─── AVAILABLE DATA ───
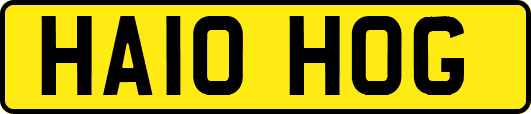 HA10HOG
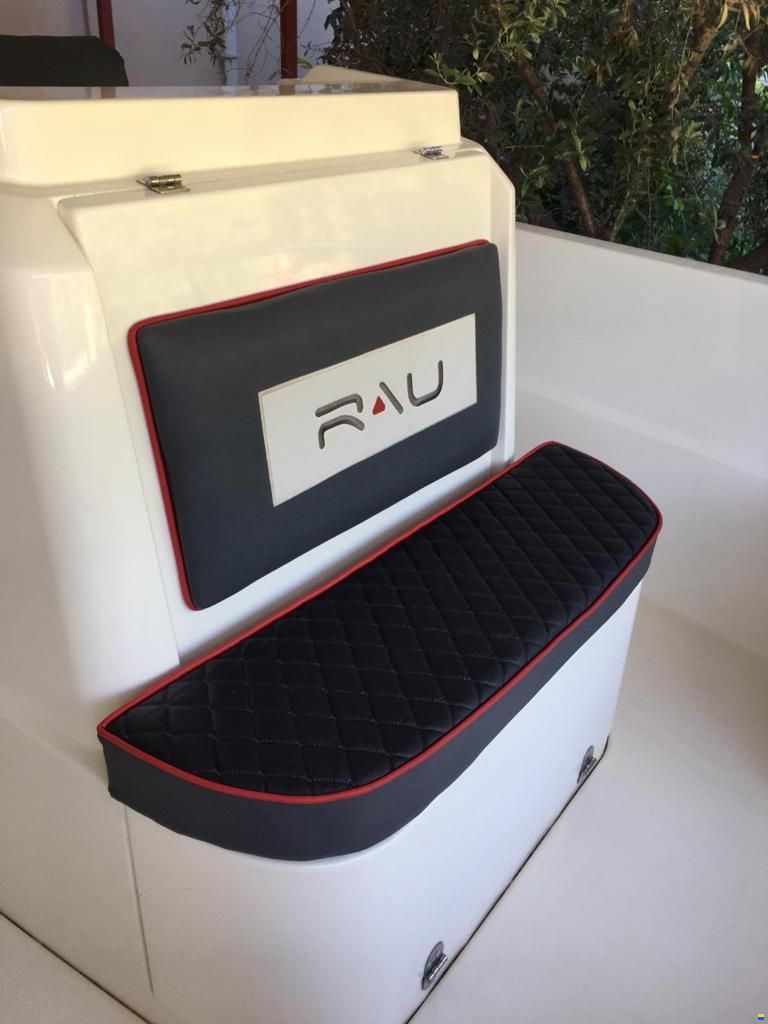 RAU Cholios 490
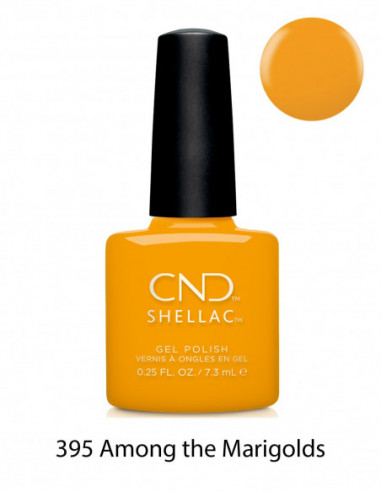 CND Shellac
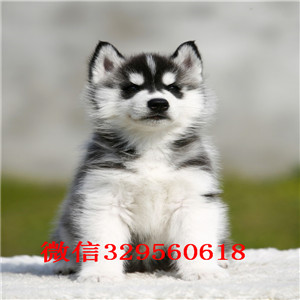  鞍山哪里出售纯种哈士奇哈士奇好养吗双蓝眼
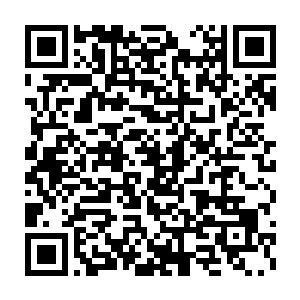 大地骑士及以上级别的骑士在这一刻虽然在元素潮汐之中保持住了定力二维码生成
───
[TO DO] Give back each line above exactly, with pictures dropped.

[YOUR SOLUTION]
 HA10HOG
 RAU Cholios 490
 CND Shellac
  鞍山哪里出售纯种哈士奇哈士奇好养吗双蓝眼
 大地骑士及以上级别的骑士在这一刻虽然在元素潮汐之中保持住了定力二维码生成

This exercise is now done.